Colorectal cancer patient reported outcomes: putting theory into practice. (#189)

Geoffrey Bryant 1 , Melissa Eastgate 2 3 , David Wyld 2 3 , Matthew Burge 2 3 , Darshit Thaker 2 3 4 5 , Matthew Busato 1
  1. Metro North Hospital and Health Service, Bowen Hills, QLD, Australia
  2. School of Medicine, University of Queensland, St Lucia, Queensland, Australia
  3. Cancer Care Services, Royal Brisbane & Women's Hospital, Herston, Queensland, Australia
  4. North Lakes Cancer Care Service, Metro North Hospital and Health Service, North Lakes, Queensland, Australia
  5. Caboolture Hospital, Caboolture, Queensland, Australia

Aims

We aim to implement a structured symptom and health-related quality of life (HRQOL) reporting service and information technology (IT) solution, to translate into practice recent research findings (e.g.

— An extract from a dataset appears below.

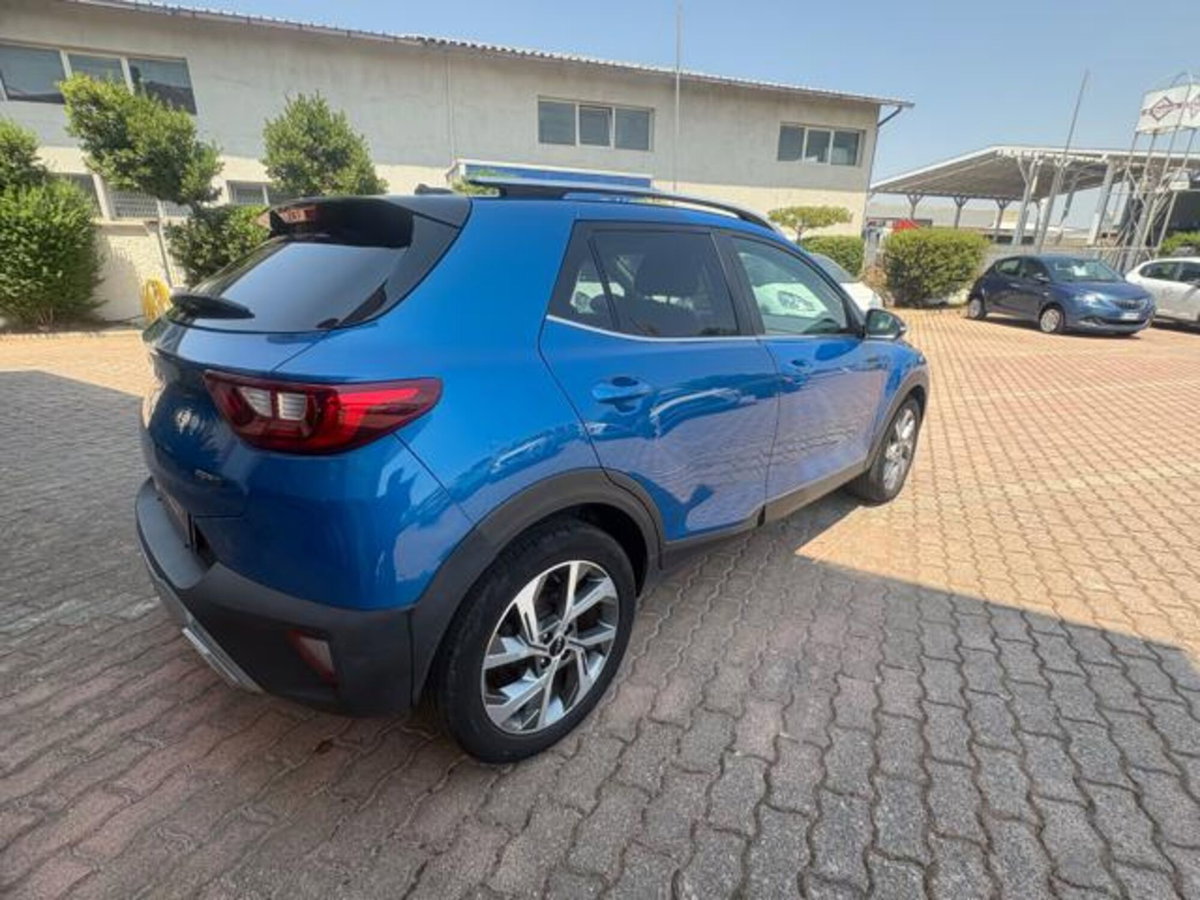 Kia Stonic 1.0 T-GDi 100 CV MHEV iMT GT Line (3)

Basch et al 2017)[1] for patients undergoing chemotherapy for colorectal cancer at three facilities in Metro North Hospital and Health Service (MNHHS).

Methods

A multidisciplinary steering committee is guiding development of the service and IT solution. No known existing solutions met our requirements. Few used validated symptom or HRQOL questionnaires. Identifiable, longitudinal symptom and HRQOL reports were often unavailable. Cost structures for scalable commercial solutions were prohibitive. Creation or revisions to questionnaires and software enhancements could not usually be self-managed.

Results

An in-house IT solution was commissioned, despite increased risk. The Edmonton Symptom Assessment System (ESAS) and Patient Health Questionnaire (PHQ) 2-question version (PHQ-2) tools were selected for symptom reporting. We are trialling two HRQOL surveys (EQ-5D and European Organisation for Research and Treatment of Cancer (EORTC) QLQ-C30 and CR29 modules) to compare response rates. Work processes, including supporting patients to consent, register and use the solution, are under development.

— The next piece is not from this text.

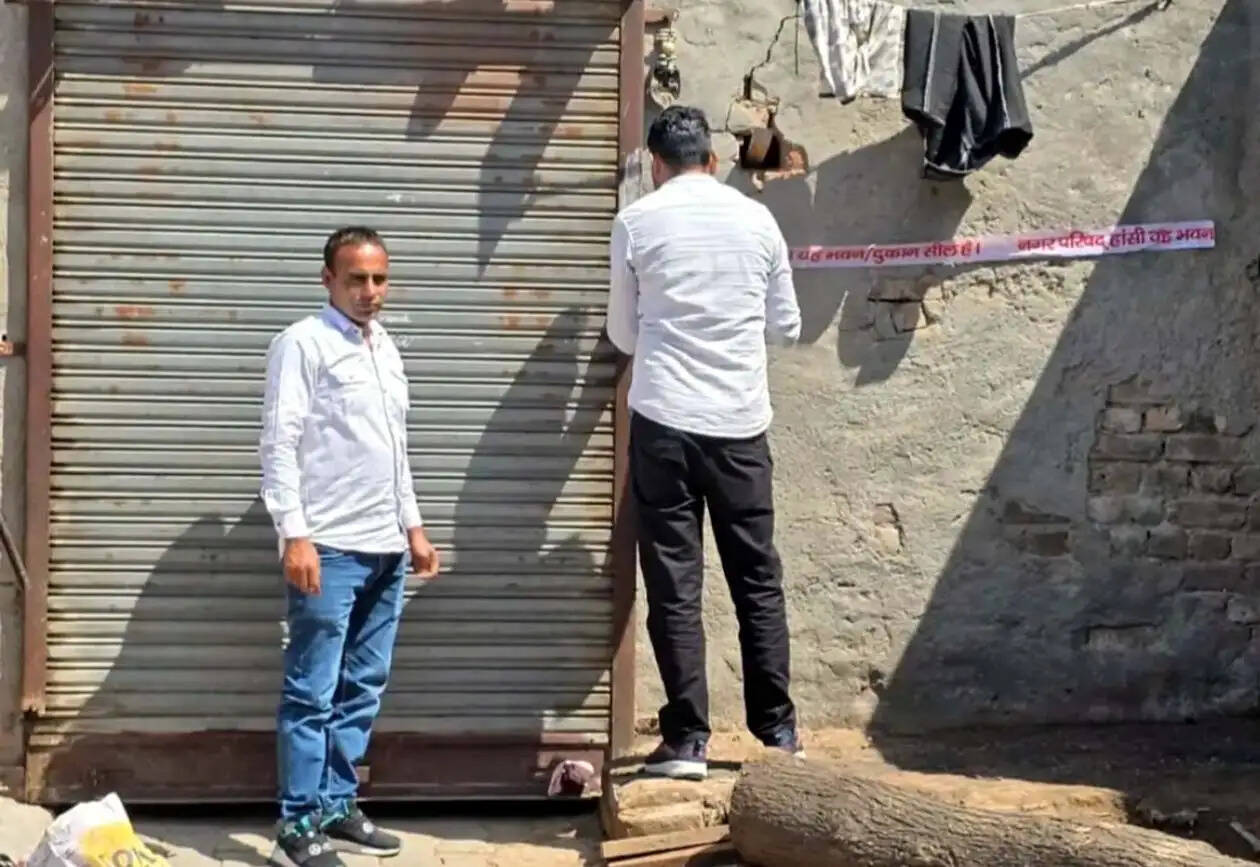 हांसी में नगर परिषद ने बकाया हाउस टैक्स उपभोक्ताओं पर की कार्रवाई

New colorectal patients will be informed of the initiative at their first medical oncology consultation. Baseline symptom and HRQOL reports will be sought from consenting patients before chemotherapy commencement. Thereafter, fortnightly symptom and three-monthly HRQOL reports will be prompted.  Patients and clinicians will have access to longitudinal reported data, which will guide treatment and augment identification of supportive and allied health needs.

Conclusion

A customised, in-house solution seems an achievable, economical and scalable approach to translating contemporary research about patient-reported information into practice. Collaboration between motivated, engaged clinicians and IT experts is pivotal, as is financial and philosophical commitment from the health service. Developing flexible IT and service infrastructure internally is expected to catalyse further innovation and efficiencies in this area.

 

  1. Basch, E., Deal, A.M., Dueck, A.C., Scher, H.I., Kris, M.G., Hudis, C. and Schrag, D., 2017. Overall survival results of a trial assessing patient-reported outcomes for symptom monitoring during routine cancer treatment. Jama, 318(2), pp.197-198.